Director: Valdimar Jóhannsson

Cast: Noomi Rapace, Hilmir Snær Guðnason, Björn Hlynur Haraldsson

Words – Rhiannon Topham.

Valdimar Jóhannsson’s feature-length debut Lamb continues the great A24 tradition of menacing animals messing with the human state of mind. The film centres around María (Noomi Rapace) and Ingvar (Hilmir Snær Guðnason), a young childless couple who own a sheep farm in pastoral Iceland. Among the sprawling landscape, they spend all day, every day harvesting crops, tending to their flock and hardly exchanging so much as a glance at one another. There is great sincerity and dolour involved in every moment; a Christmas dinner is had without any kind of festive cheer or visible satisfaction.

Things change when one of their ewes births a supernatural calf, though we don’t see anything of her form past her perfectly-formed lamb head for about 20 minutes after she arrives. We know something is up though. The instant she is born, María’s face reads disbelief, terror and something akin to adoration. The scene cuts to her carrying the child away—what will she do with her? It cuts again to María watching over the lamb-baby as she sleeps soundly in a small metal tub, swaddled in blankets.
The couple affectionately name the baby Ada and tend to her as she rests in a crib dragged from the barn next to their own bed. When we do finally see the child’s body, it’s when María scoops her up from the ground in a misty field after the ewe who birthed Ada has seemingly kidnapped her and attempted to flee. María’s rage directed at the ewe, paired with the ready-made but untouched crib brought out of storage, implies that her maternal affections have been previously thwarted in some way, and Ada offers the potential of a new beginning.

Stylistically the film includes a lot of handsome frames-within-frames, often from the outside looking in when capturing the sheep (ponderously gazing out of a window, ‘when will my husband return from war’ style) and vice versa for the humans. This is a clever choice to establish power, boundaries and perspective, and suits the richness of the bucolic colour palette. However, intentionally or not, a frustration can be found with María and Ingvar never once acknowledging Ada’s form and the mystery surrounding her sudden entrance into their lives. The only person to acknowledge it is Ingvar’s brother Pétur (Björn Hlynur Haraldsson), and even then it is only fleeting before he too becomes entranced by Ada.

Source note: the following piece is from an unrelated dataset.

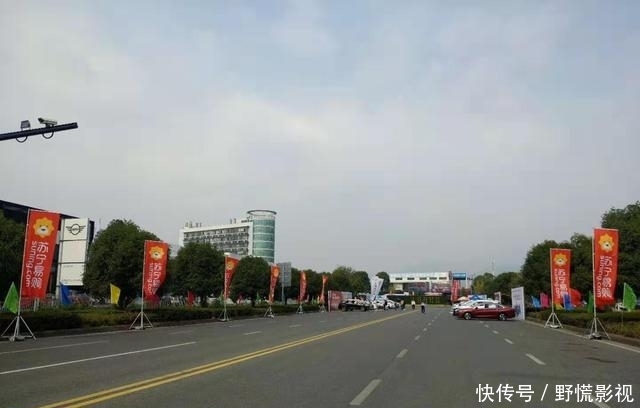 t01832cd9f4d761b178.jpg?size=640x408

Pétur is inserted purely to disrupt the happy family facade, and it doesn’t work—the character is a needless addition to the plot and his ‘listen to me, I’m the voice of reason’ nonchalance feels shallow. Lamb sets out to do too much while asserting to do very little, the result is a film that barely amounts to anything, even with an ostensibly absurd twist in the vein of Robert Eggers’ The Witch and similarly bleak examples of monstrous modern surrealism.